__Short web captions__

▬▬▬▬▬▬▬▬▬▬

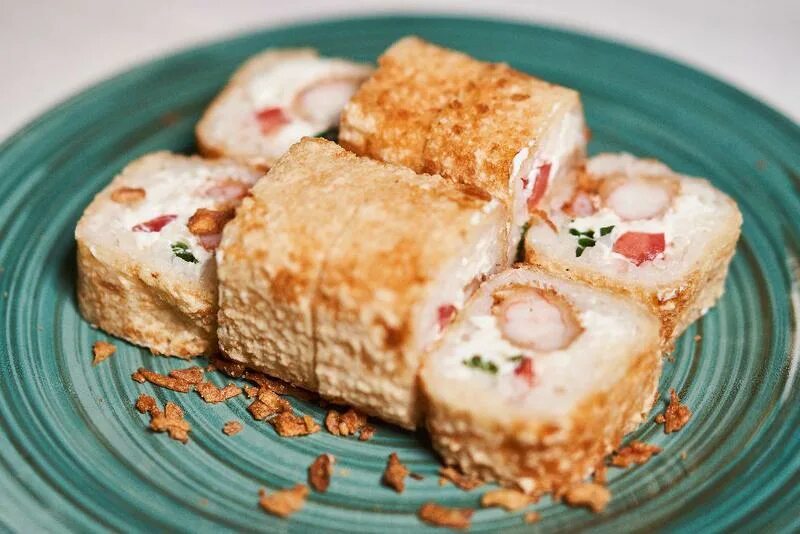 Биг ролл вкусно и точка. Суши биг уфа. филадельфия биг роллы. роллы цунами темпура. big roll taokaenoi.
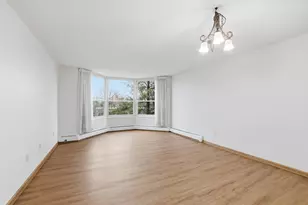 1425 W 28th Street W, Minneapolis, MN 55408 - Photo 3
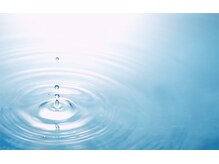 『健やかな美髪へ導く』水からこだわり水道水の硬度成分を取り除いた【軟水】を使用しています。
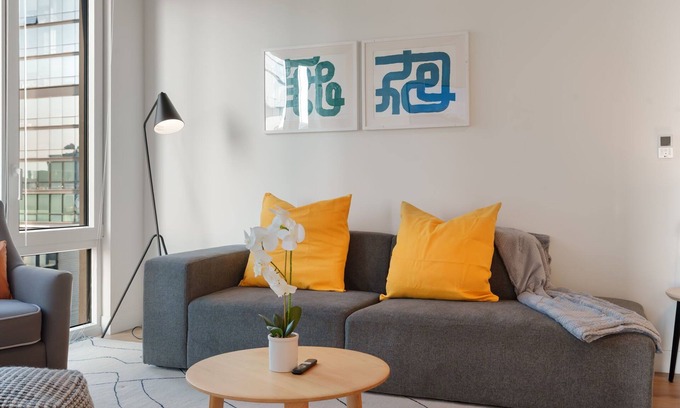 River North Hotel | 4BR Corporate Suite Central and Modern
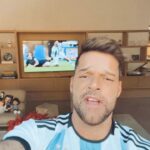 Ricky Martin Instagram – Dios. Que locura. ¡Enhorabuena! #Argentina #worldcup #Final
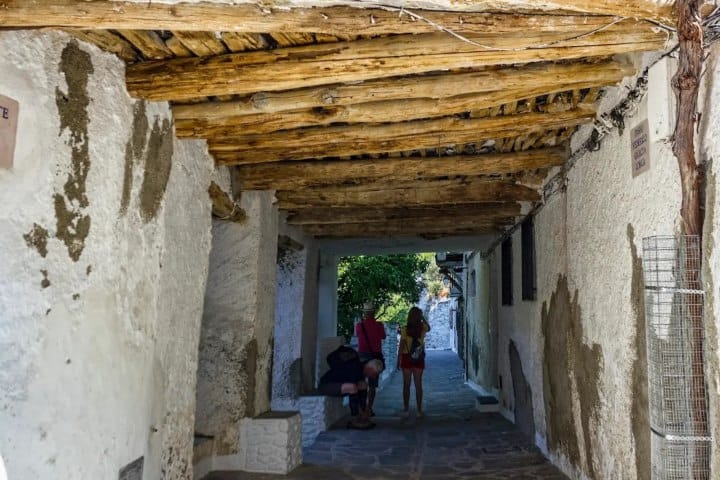 1. Visitantes en el Paseo de Federico García Lorca. Foto - Manuel Hernández Lafuente (Google Maps)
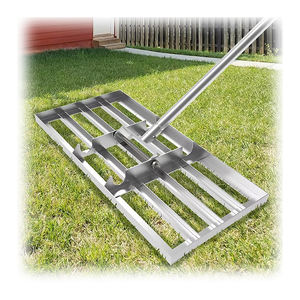 JH-Mech Outil de nivellement de pelouse Râteau de nivellement de pelouse en acier galvanisé multifonctionnel de 17 pouces pour cours de pelouse - Product Image 1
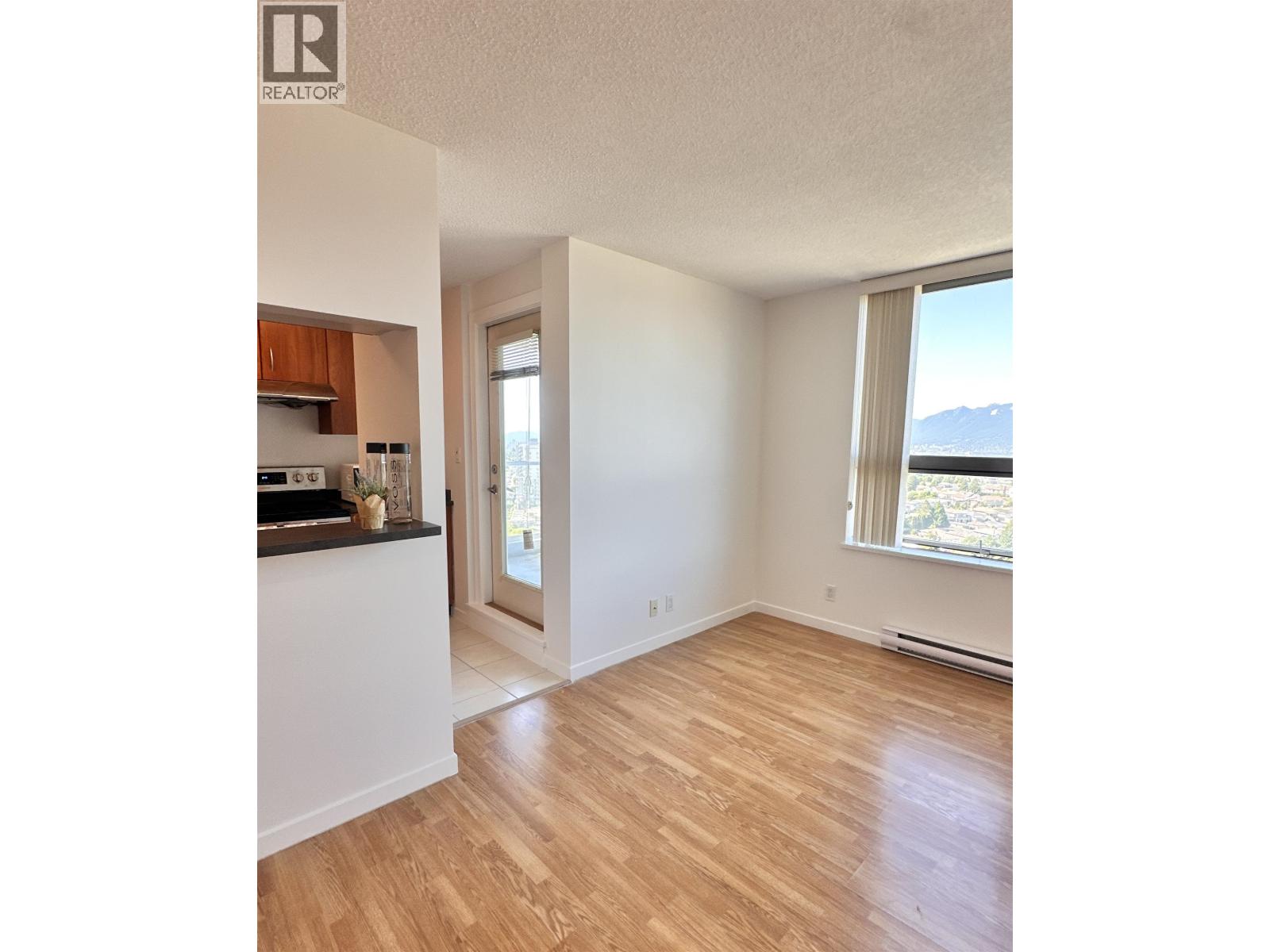 2409 3663 Crowley Drive, Vancouver, British Columbia  V5R 6H4 - Photo 4 - R3089375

▬▬▬▬▬▬▬▬▬▬

__DIRECTIONS__
Could you please write out exactly the lines from the start of the entries above through the line that holds "River North Hotel", both included, with no pictures?

__OUTPUT BELOW__
 Биг ролл вкусно и точка. Суши биг уфа. филадельфия биг роллы. роллы цунами темпура. big roll taokaenoi.
 1425 W 28th Street W, Minneapolis, MN 55408 - Photo 3
 『健やかな美髪へ導く』水からこだわり水道水の硬度成分を取り除いた【軟水】を使用しています。
 River North Hotel | 4BR Corporate Suite Central and Modern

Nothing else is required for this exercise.